Short web captions
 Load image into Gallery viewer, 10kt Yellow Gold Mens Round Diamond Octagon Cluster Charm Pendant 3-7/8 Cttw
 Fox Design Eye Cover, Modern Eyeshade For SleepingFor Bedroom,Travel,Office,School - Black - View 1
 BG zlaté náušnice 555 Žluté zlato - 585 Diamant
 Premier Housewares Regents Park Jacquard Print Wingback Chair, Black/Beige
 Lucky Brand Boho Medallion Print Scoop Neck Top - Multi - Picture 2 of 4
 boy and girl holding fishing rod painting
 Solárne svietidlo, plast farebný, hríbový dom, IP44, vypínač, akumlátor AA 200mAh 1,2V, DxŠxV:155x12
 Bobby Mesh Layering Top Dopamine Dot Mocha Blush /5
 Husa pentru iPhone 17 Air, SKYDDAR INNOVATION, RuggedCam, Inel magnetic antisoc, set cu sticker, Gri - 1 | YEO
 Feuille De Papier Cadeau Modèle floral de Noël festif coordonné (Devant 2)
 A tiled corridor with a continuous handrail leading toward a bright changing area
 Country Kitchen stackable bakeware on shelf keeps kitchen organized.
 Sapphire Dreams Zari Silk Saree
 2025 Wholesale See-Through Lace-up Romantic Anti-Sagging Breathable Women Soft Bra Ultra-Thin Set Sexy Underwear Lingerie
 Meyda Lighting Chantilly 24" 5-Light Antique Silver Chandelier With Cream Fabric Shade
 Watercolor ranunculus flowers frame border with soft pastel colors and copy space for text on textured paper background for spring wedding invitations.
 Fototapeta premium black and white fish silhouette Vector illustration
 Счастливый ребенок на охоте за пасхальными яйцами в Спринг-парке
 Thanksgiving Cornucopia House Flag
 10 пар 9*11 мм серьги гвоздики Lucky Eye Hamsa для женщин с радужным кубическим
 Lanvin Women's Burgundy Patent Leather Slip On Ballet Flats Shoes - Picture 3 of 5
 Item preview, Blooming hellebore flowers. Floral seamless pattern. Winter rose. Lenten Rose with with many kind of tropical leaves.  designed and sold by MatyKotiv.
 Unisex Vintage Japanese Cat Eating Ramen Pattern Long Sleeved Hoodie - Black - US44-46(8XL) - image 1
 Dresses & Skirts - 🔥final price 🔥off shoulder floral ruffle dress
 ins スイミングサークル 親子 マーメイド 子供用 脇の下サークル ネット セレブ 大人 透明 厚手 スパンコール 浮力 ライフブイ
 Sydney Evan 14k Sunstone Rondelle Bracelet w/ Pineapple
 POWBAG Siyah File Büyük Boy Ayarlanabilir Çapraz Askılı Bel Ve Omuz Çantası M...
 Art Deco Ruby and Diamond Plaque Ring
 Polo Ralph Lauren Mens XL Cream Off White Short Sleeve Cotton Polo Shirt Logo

(HOW TO COMPLETE THIS TASK) Copy out the records once more, exactly as they are written.

(ANSWER TO THIS PROBLEM)
 Load image into Gallery viewer, 10kt Yellow Gold Mens Round Diamond Octagon Cluster Charm Pendant 3-7/8 Cttw
 Fox Design Eye Cover, Modern Eyeshade For SleepingFor Bedroom,Travel,Office,School - Black - View 1
 BG zlaté náušnice 555 Žluté zlato - 585 Diamant
 Premier Housewares Regents Park Jacquard Print Wingback Chair, Black/Beige
 Lucky Brand Boho Medallion Print Scoop Neck Top - Multi - Picture 2 of 4
 boy and girl holding fishing rod painting
 Solárne svietidlo, plast farebný, hríbový dom, IP44, vypínač, akumlátor AA 200mAh 1,2V, DxŠxV:155x12
 Bobby Mesh Layering Top Dopamine Dot Mocha Blush /5
 Husa pentru iPhone 17 Air, SKYDDAR INNOVATION, RuggedCam, Inel magnetic antisoc, set cu sticker, Gri - 1 | YEO
 Feuille De Papier Cadeau Modèle floral de Noël festif coordonné (Devant 2)
 A tiled corridor with a continuous handrail leading toward a bright changing area
 Country Kitchen stackable bakeware on shelf keeps kitchen organized.
 Sapphire Dreams Zari Silk Saree
 2025 Wholesale See-Through Lace-up Romantic Anti-Sagging Breathable Women Soft Bra Ultra-Thin Set Sexy Underwear Lingerie
 Meyda Lighting Chantilly 24" 5-Light Antique Silver Chandelier With Cream Fabric Shade
 Watercolor ranunculus flowers frame border with soft pastel colors and copy space for text on textured paper background for spring wedding invitations.
 Fototapeta premium black and white fish silhouette Vector illustration
 Счастливый ребенок на охоте за пасхальными яйцами в Спринг-парке
 Thanksgiving Cornucopia House Flag
 10 пар 9*11 мм серьги гвоздики Lucky Eye Hamsa для женщин с радужным кубическим
 Lanvin Women's Burgundy Patent Leather Slip On Ballet Flats Shoes - Picture 3 of 5
 Item preview, Blooming hellebore flowers. Floral seamless pattern. Winter rose. Lenten Rose with with many kind of tropical leaves.  designed and sold by MatyKotiv.
 Unisex Vintage Japanese Cat Eating Ramen Pattern Long Sleeved Hoodie - Black - US44-46(8XL) - image 1
 Dresses & Skirts - 🔥final price 🔥off shoulder floral ruffle dress
 ins スイミングサークル 親子 マーメイド 子供用 脇の下サークル ネット セレブ 大人 透明 厚手 スパンコール 浮力 ライフブイ
 Sydney Evan 14k Sunstone Rondelle Bracelet w/ Pineapple
 POWBAG Siyah File Büyük Boy Ayarlanabilir Çapraz Askılı Bel Ve Omuz Çantası M...
 Art Deco Ruby and Diamond Plaque Ring
 Polo Ralph Lauren Mens XL Cream Off White Short Sleeve Cotton Polo Shirt Logo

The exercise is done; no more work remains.